Ada keunikan dari angka-angka romawi pada Jam Gadang ini. Bila penulisan huruf romawi biasanya pada angka enam adalah VI, angka tujuh adalah VII dan angka delapan adalah VIII, maka pada angka empat adalah IIII. Entah mengapa angka empat tak dilambangkan dengan IV. Tidak disengaja atau agar bisa membedakan dengan angka enam yang berupa VI? Entahlah.
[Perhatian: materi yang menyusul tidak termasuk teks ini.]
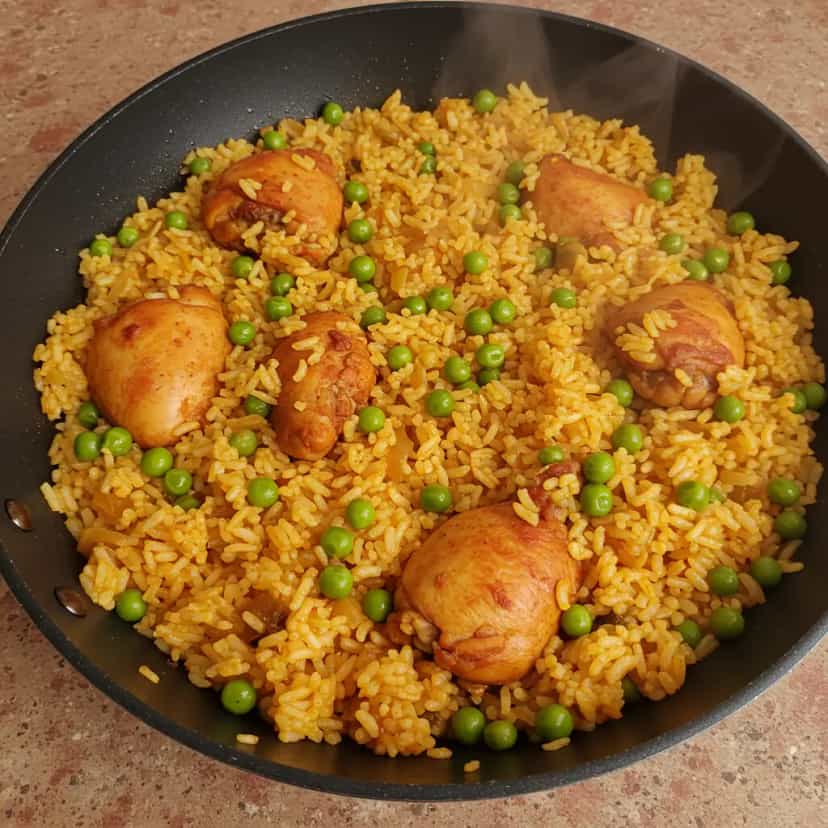 Foto deliciosa de Galinhada Tradicional pronta para servir - Carnes & Frango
”Kabarnya ada korban saat pendirian jam ini. Angka empat yang dibuat dalam bentuk angka satu romawi yang berderet dimaksudkan untuk jumlah tumbal itu,” jelas Iben, seorang pemandu yang juga berdarah Sumatera Barat. Agak sumir juga keterangan itu, karena bukankah jam itu sudah dibuat dari negeri Paman Sam sana, sedangkan korban atau tumbal baru terjadi setelah pendirian Jam Gadangnya?

Beragam Lokasi Wisata
Beberapa tempat yang menarik di kota Bukittinggi ini adalah salah satunya benteng tertua adalah Benteng Vort de Kock. Benteng tertua ini memang sudah banyak mengalami renovasi, namun sangat bersejarah dalam perjuangan bangsa.
Tak jauh dari Bukittinggi, sekitar 25 kilometer jaraknya, di Padang Panjang ada Lembah Anai yang biasa dijadikan para pengunjung sebagai tempat untuk berwisata karena air terjun dan sungai di bawah air terjun yang sangat sejuk dan biasa dinikmati orang yang berlintasan di jalan raya yang jaraknya tak jauh dari Lembah Anai.
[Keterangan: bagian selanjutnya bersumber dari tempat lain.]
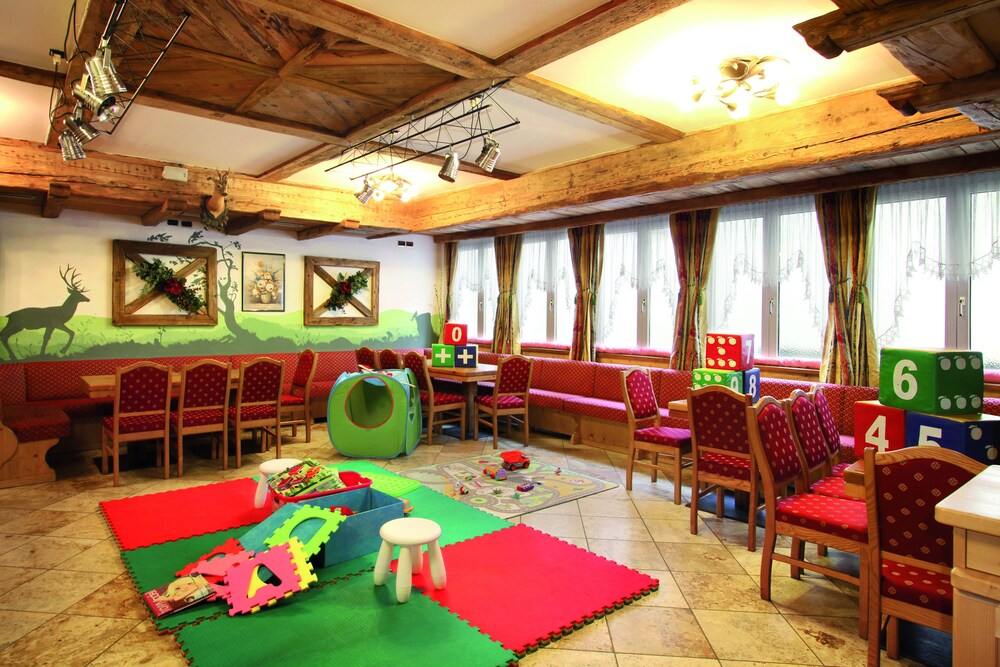 

Catania - Selva di Val Gardena - Hotel Dolomiti Schloss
Dari Jalan Raya Ngarai Sihanok tadi bisa ke arah Danau Maninjau maupun ke Koto Gadang. Keindahan Danau Maninjau memang dapat menarik perhatian para pengunjung, asalkan kelestarian alamnya bisa diperhatikan baik masyarakat dan pemerintah, keindahan danau ini bisa jadi penarik buat kota Bukittinggi yang perlu didukung dengan promosi wisata.
Di sana juga ada istana Paguruyung yang bersejarah terutama bagi masyarakat Padang. Tempat itu mengingatkan kita pada Raja Johan Iskandar (1851) yang mempunyai sembilan orang anak perempuan.
Cukup banyak lokasi wisata yang menarik untuk dikunjungi dan semuanya mengandung sejarah tersendiri. Tak cukup sehari dua hari menyusuri semua tempat tersebut. Dan yang mengesankan adalah semua lokasi wisata ini dibalut dengan keindahan alam khas yang tak bisa dijumpa di daerah lain.
Kalau setiap kabupaten yang ada di provinsi Sumatera Barat dan beribukotakan Padang ini bisa mempercantik diri, alamnya pasti akan mengundang baik turis lokal maupun internasional. Onde mande, rancak bana, itu juga ungkapan yang keluar setiap para pengunjung yang singgah ke sana.